**WORK TASK**
Leave out the pictures and output the data verbatim.

*** Opening of INFORMATION SHOWN ***

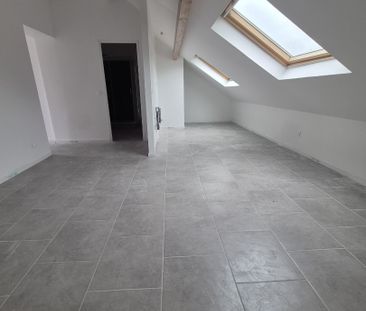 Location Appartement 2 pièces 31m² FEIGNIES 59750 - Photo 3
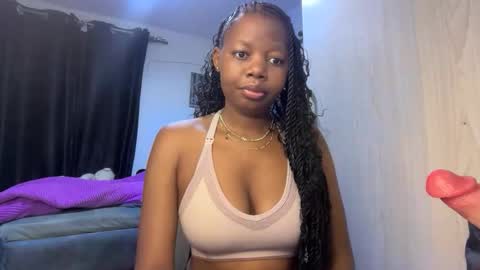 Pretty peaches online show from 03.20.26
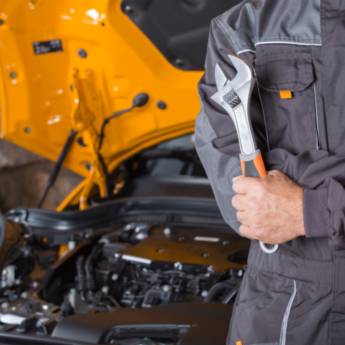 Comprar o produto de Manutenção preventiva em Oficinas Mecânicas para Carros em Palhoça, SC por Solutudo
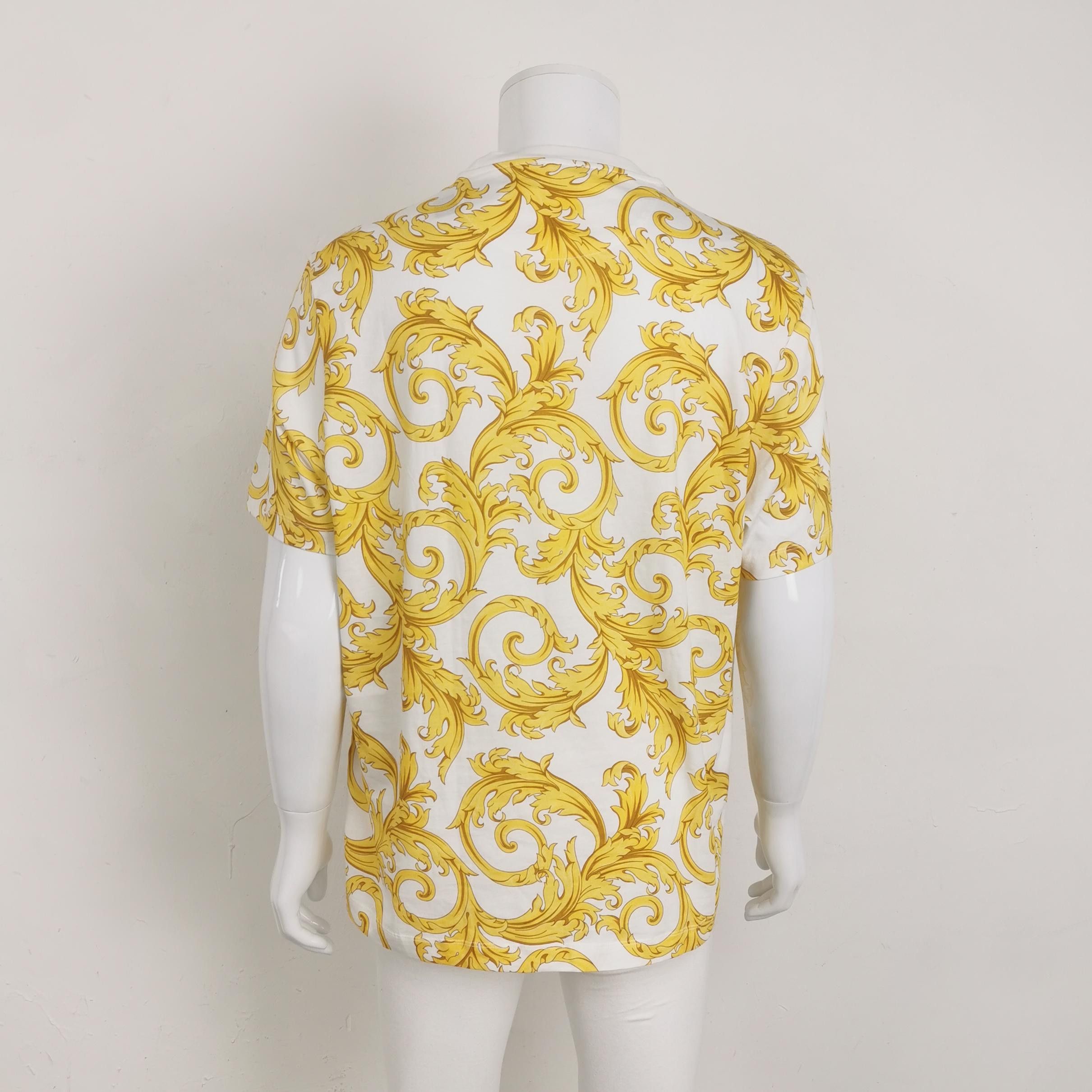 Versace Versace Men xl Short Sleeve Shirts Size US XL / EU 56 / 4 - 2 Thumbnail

*** Close of INFORMATION SHOWN ***

**RESPONSE BOX**
 Location Appartement 2 pièces 31m² FEIGNIES 59750 - Photo 3
 Pretty peaches online show from 03.20.26
 Comprar o produto de Manutenção preventiva em Oficinas Mecânicas para Carros em Palhoça, SC por Solutudo
 Versace Versace Men xl Short Sleeve Shirts Size US XL / EU 56 / 4 - 2 Thumbnail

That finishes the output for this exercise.